Uniting the opposition

The opposition parties will try to resume the negotiations launched in 2010 to unite democratic forces: Mykola Katerynchuk’s European Party, Anatolii Hrytsenko’s Civic Position, Svoboda (Freedom), Batkivshchyna (Fatherland), Ukrainian People’s Movement, For Ukraine!, and Ukrainian Platform. However, the ambitions of their political leaders will be an obstacle.


The Verkhovna Rada will raise the retirement age to 60 for women and 62(65) for men and will pass the new Labor Code which will extend the working day to 9.5 hours. These unpopular measures will spark protests: the social strata affected by the new laws will demand a presidential veto or the resignation of the president and the dismissal of parliament. Their demands will be ignored or partly satisfied. Authorities will try to disperse the rallies in a democratic manner, like they did with the entrepreneurs’ protest in Kyiv. 

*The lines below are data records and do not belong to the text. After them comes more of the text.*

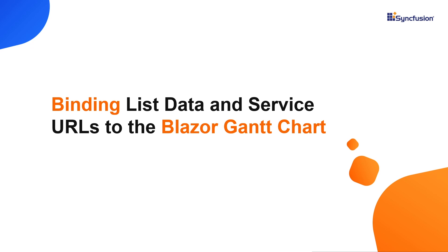Hi everyone, welcome to this video on how to bind local list data that has self-referential relationships and service URLs from a remote server to the Syncfusion Blazor Gantt chart.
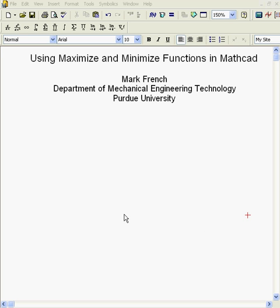Hello again. I've gotten some questions about how to find maxima and minima of functions using MathCAD, and that seems like a pretty good idea for a video, so here we go.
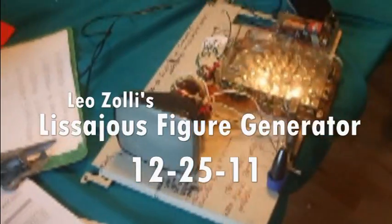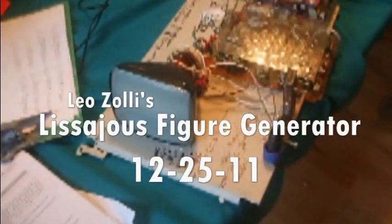So, Leo made me this thing. He calls it the Lissajous Figure Generator, the LFG.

Resignation of the government

After new and unpopular rules are implemented, President Yanukovych will fire Prime Minister Mykola Azarov by making him the scapegoat for all the mistakes. Nearly all ministers will keep their offices in the new government. The prime minister’s office will be given to either Yurii Boiko or Andrii Kliuiev.

Multivector policy

The next Ukraine–EU summit will take place in November 2011. Europe is not pleased to see the curtailment of democratic freedoms in Ukraine. The issues of associated membership and visa-free regime will be suspended indefinitely. Ukraine will be forced to continue to walk a tightrope between Europe and Russia, which will press even more for its membership in the Customs Union with Belarus and Kazakhstan.

Loss of the gas transportation system (GTS)

Russia and Ukraine are negotiating an agreement to set up a full-fledged joint venture between Gazprom and Naftohaz Ukrainy. Gazprom will, in essence, become the monopolist on Ukraine’s gas market and will set its own rules of the game. A certain monitoring mechanism over Ukraine’s GTS will be put in place.

Curtailment of freedom of speech

The Verkhovna Rada will pass the draft Law “On Access to Public Information” in the redaction that meets the interests of the government. The mass media will have limited access to authorities which will try to find legitimate reasons (lawsuits, checks, revocation of licenses, etc.) to shut down the disagreeable media outlets. The Internet may begin to be monitored after the passage of respective laws.